Seperti yang telah diberitakan sebelumnya, berdasarkan data dari Pengadilan Tinggi Agama Jabar, pada 2020 jumlah anak yang mengajukan dispensasi perkawinan sebanyak 8.312 anak. Lalu, pada 2021 sebanyak 6.794 anak. Kemudian pada 2022 triwulan 3 anak yang mengajukan dispensasi ini naik menjadi 8607.
Abdul Hadi menilai, bila hanya menyelesaikan di ujung sibuk diskusi tentang dispensasi mengizinkan menikah atau solusi pernikahan, ini hanya menyelesaikan di ujung saja. Padahal, seharusnya ada upaya dihulu berupa upaya pencegahan.
"Termasuk dengan adanya teknologi informasi internet maka informasi terkait berbagai tayangan yang tak layak dilihat oleh anak bisa mudah diakses," katanya.
Di Jabar, kata dia, diskominfo harus terlibat karena memiliki program menyediakan wi-fi gratis dimana-mana. Jadi, harus ada kontrolnya.
Sebaiknya, tayangan yang berbau pornografi tidak bisa diakses sembarangan. "Itu harus tegas mungkin juga ada patroli cyber," katanya.
Karena, kata dia, bisa jadi seks pranikah tersebut dicontoh dari tayangan berbau pornografi yang ditonton secara bebas. Selain itu, Hadi menilai, pengawasan keluarga juga lemah. Orang tua, harus memberikan perhatian dan mengawasi pergaulan anaknya.
"Anak harus terus mendapatkan pemahaman soal seks pranikah ini. Yakni, tentang bagaimana bahayanya masa depan mereka ini kalau sampai hamil di luar nikah. Jadi, menyelesaikan persoalan ini tak bisa hanya dengan diskusi saja tapi bagaimana agar kontrol dengan ketat di lingkungan seorang anak," paparnya.
Hadi menilai, sudah saatnya semua stakeholders terkait secara serius membuat program pencegahan. Yakni, dari mulai DP3AKB, Dinas Kesehatan, Dinas Pendidikan, dan lainnya.
"Tapi, program yang ditekankan lebih pada pencegahan lebih diperkuat. Bukan hanya menjelaskan soal organ reproduksi tapi menjelaskan bagaimana kalau perkawinan terjadi saat masih anak-anak. Jadi sosialisasi bukan hanya sekedar hanya nonton seminar selesai," paparnya.

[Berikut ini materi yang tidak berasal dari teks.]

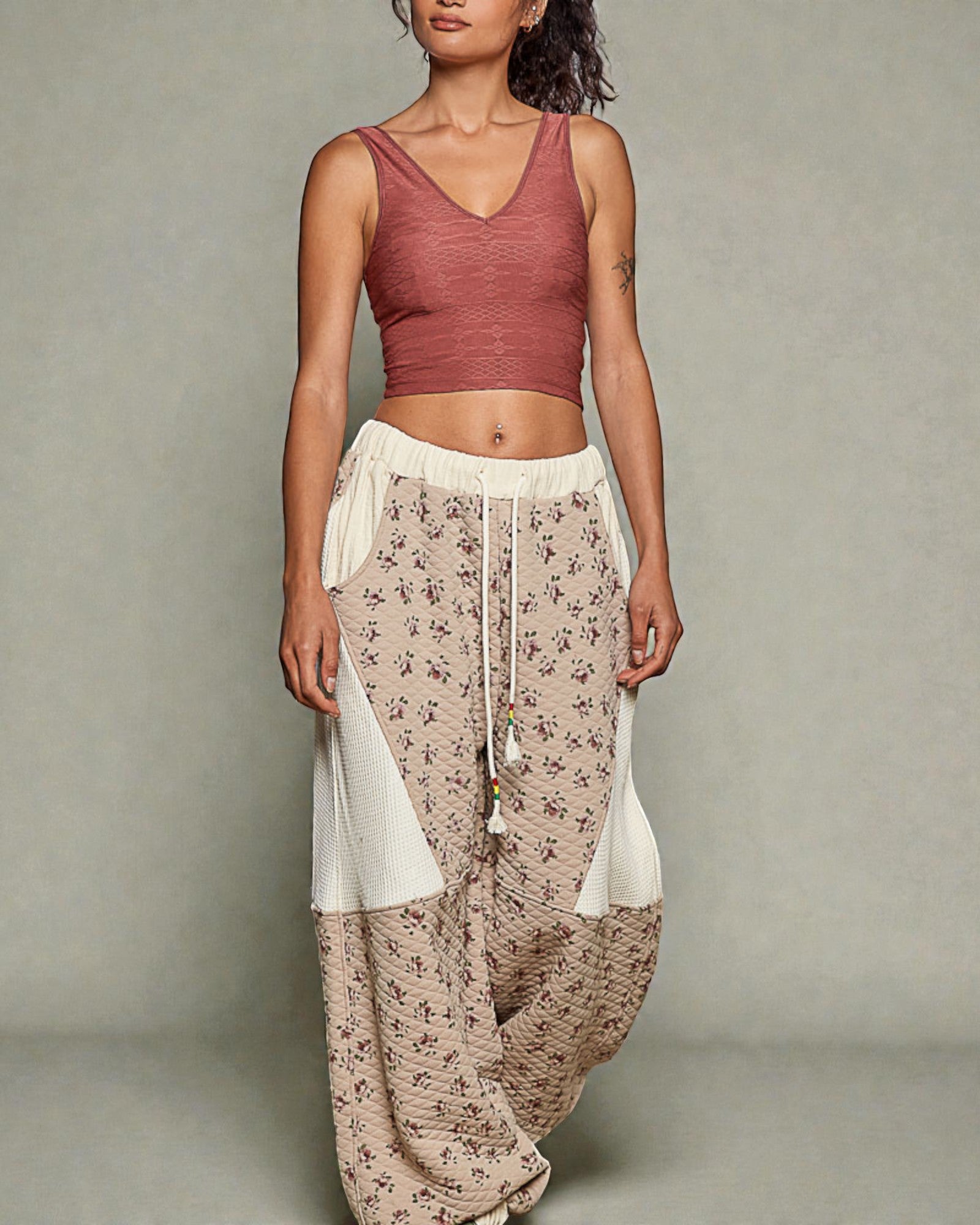 Woman wearing a red top and patterned pants against a neutral background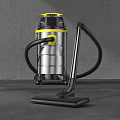 Silver Cylindrical Vacuum Cleaner With Black Hose Yellow Accents And Floor Nozzle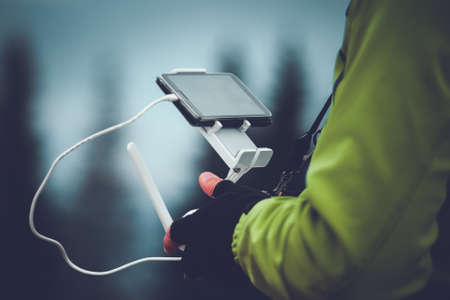 Man in green jacket operating a drone using a remote controller. Winter holidays in mountains. Close up picture. Bukovel, Carpathians, Ukraine, Europe. Exploring beauty worldの写真素材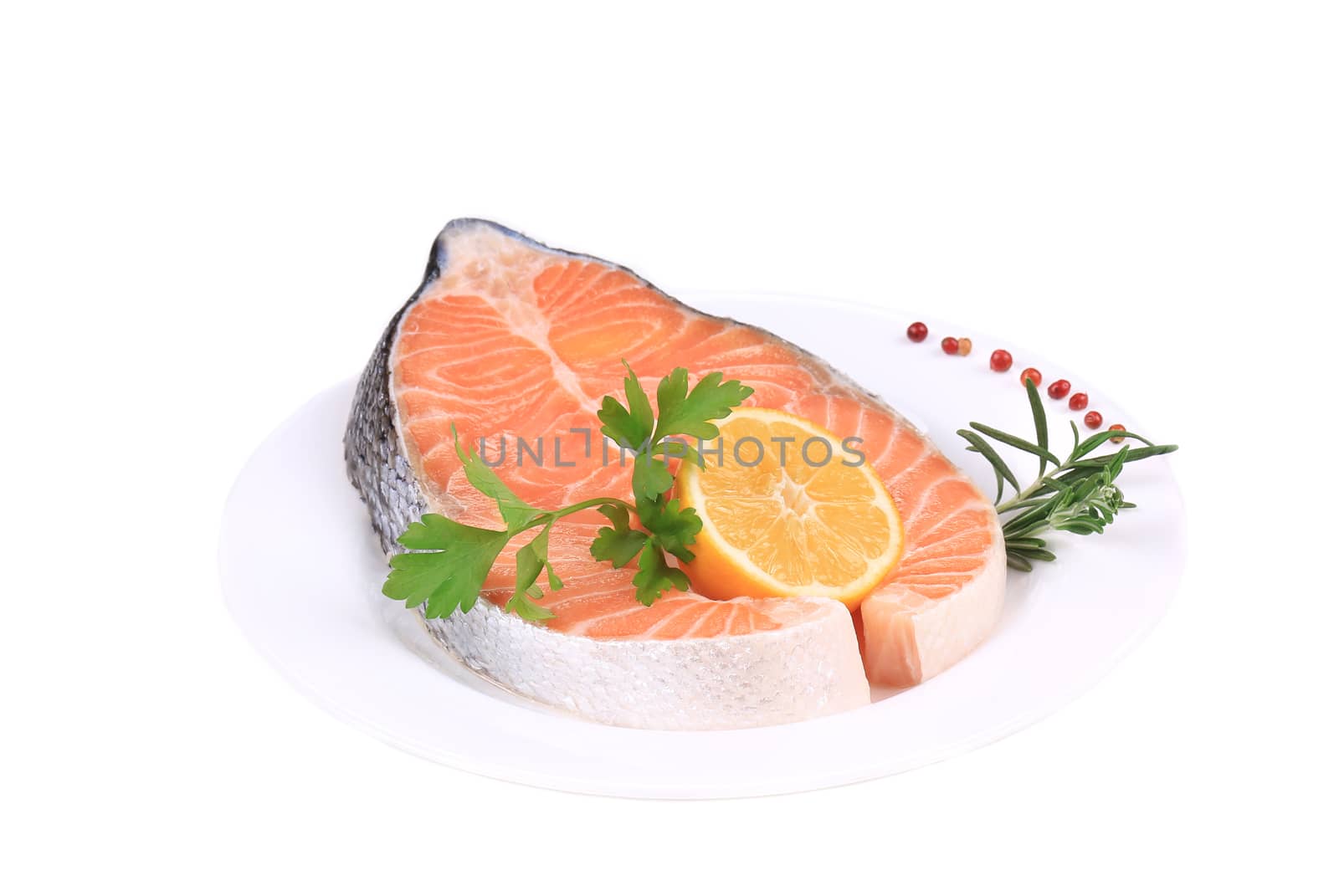 Fresh salmon steak with vegetables. Isolated on a white background.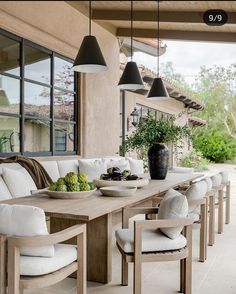 an outdoor dining area with white cushions and wooden table surrounded by chairs, potted plants and large windows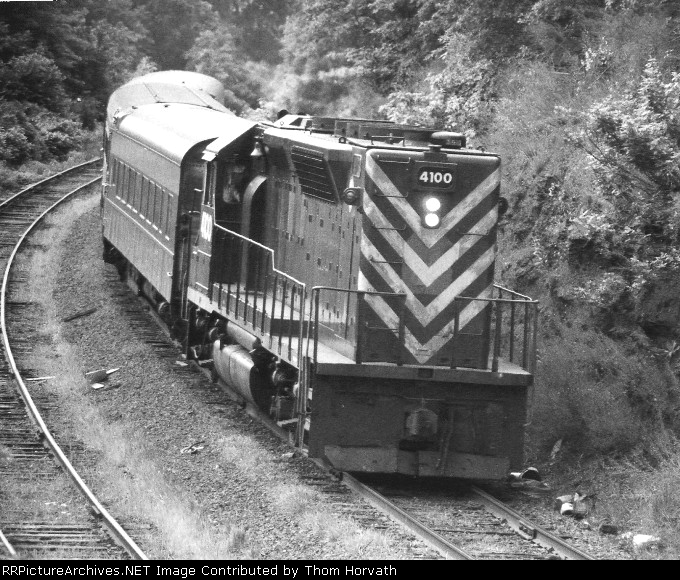 In an undated scene, NJT 4100 and 3 coaches round the bend
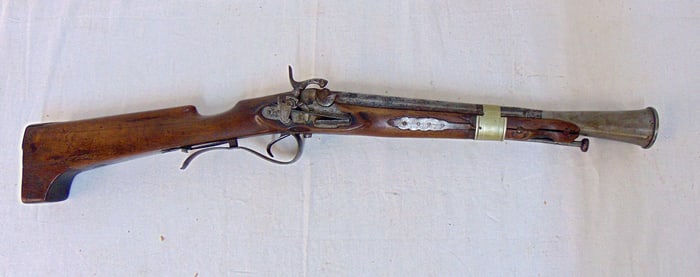 Blunderbuss gun, various marks on the barrel (Bardicado ??) repair to stock, gun is 27.25" long,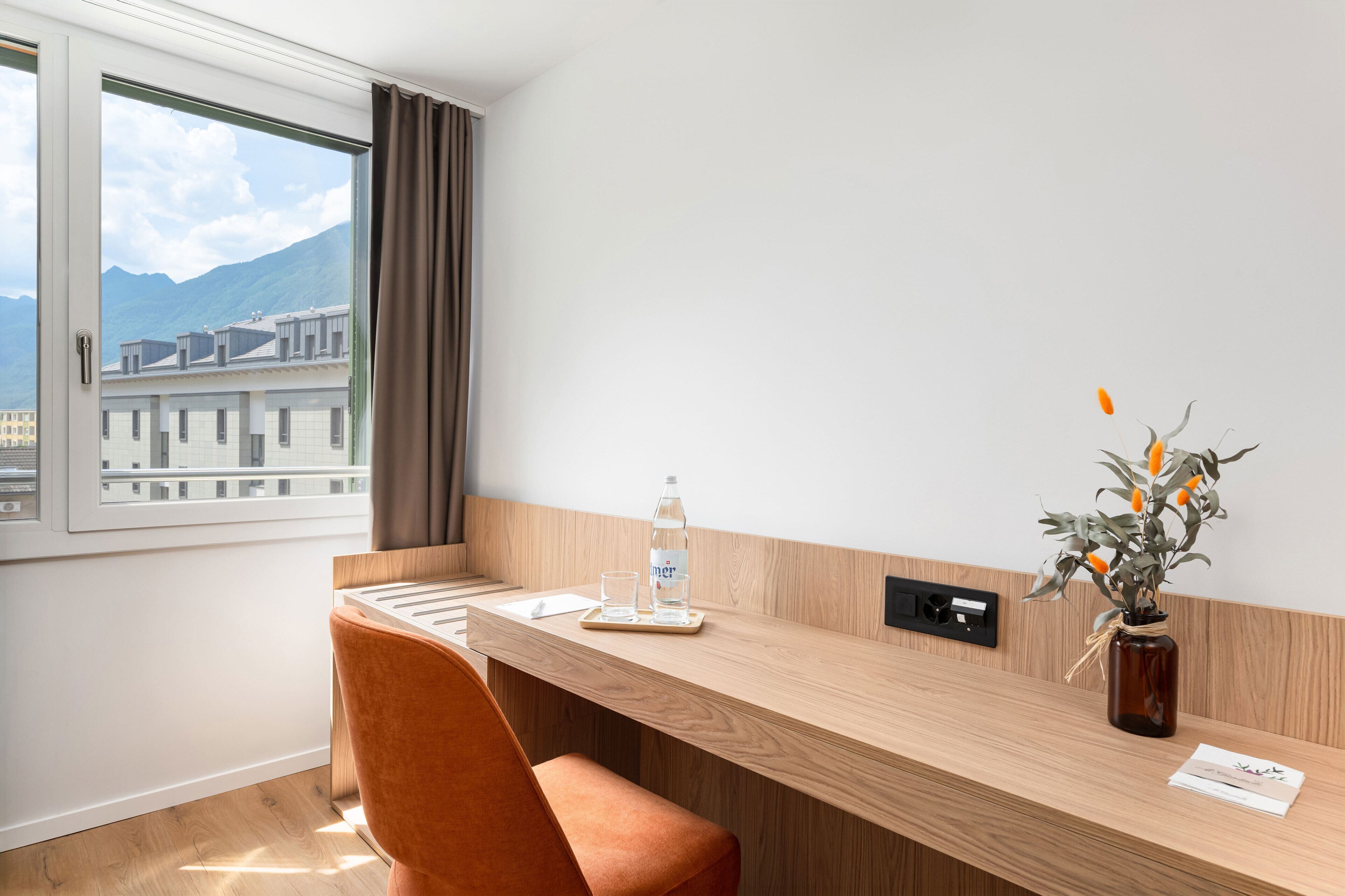 Une chambre d’hôtel avec un bureau en bois, une chaise, une bouteille d’eau, un verre, un vase avec des fleurs et une vue sur les bâtiments et les montagnes par la fenêtre.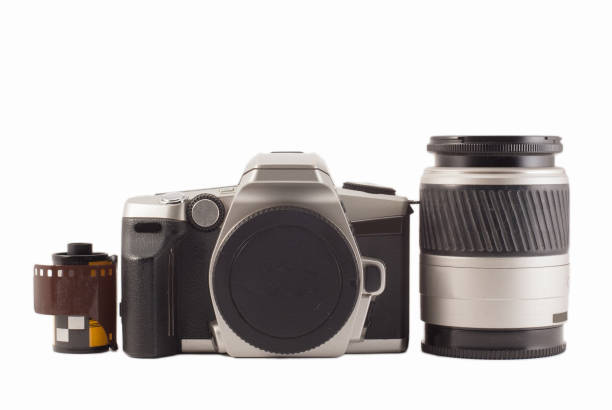 35 mm analog camera on a white background. Film camera.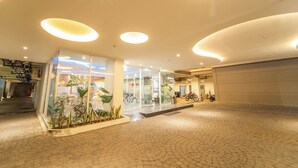 A spacious lobby with a tiled floor, glass partitions, and a motorcycle parked inside. - Altuz Apartment Seturan – Private City Studio with Sky Pool Access (Sleman)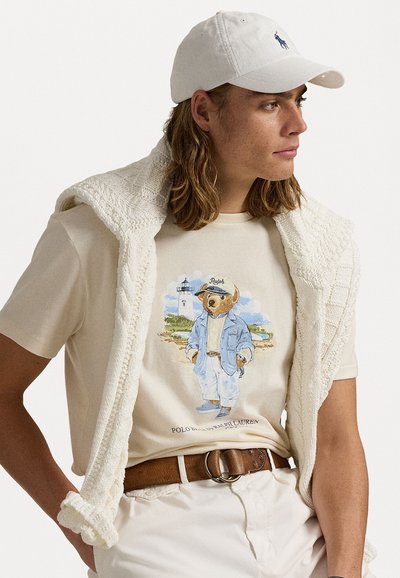 Kortærmet beige t-shirt med et bjørnegrafik i denimoutfit, draperet med en hvid strikket sweater, parret med lyse bukser og en kasket.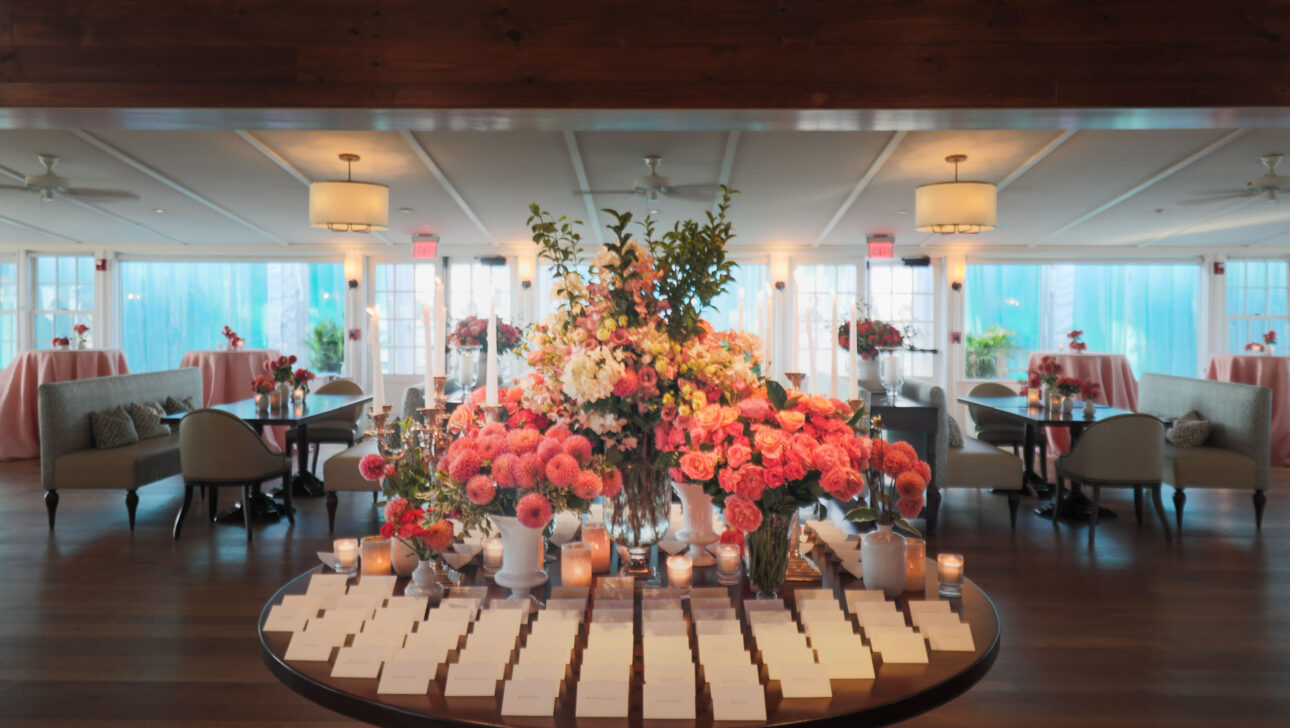 Elegant event venue space decorated with floral arrangements and candles.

Hadi berharap, Disdik Jabar mengambil peran memberikan pemahaman di hulunya. Karena, tempat berkumpulnya anak-anak usia sekolah khususnya SMA. Jadi, bagaimana mengiintegrasikan anggaran dengan kurikulum yang ada.
Saat ini, kata dia, kurikulim lebih fleksibilitas jadi mana yang harus dikurangi dan ditambahkan dengan materi soal pencegahan seks di luar nikah. "Ini harus dilakukan sekarang, pencanangan Jabar darurat pergaulan bebas ini harus segera dilakukan semua pihak yang konsen dengan masa depan generasi Jawa Barat mendatang," katanya.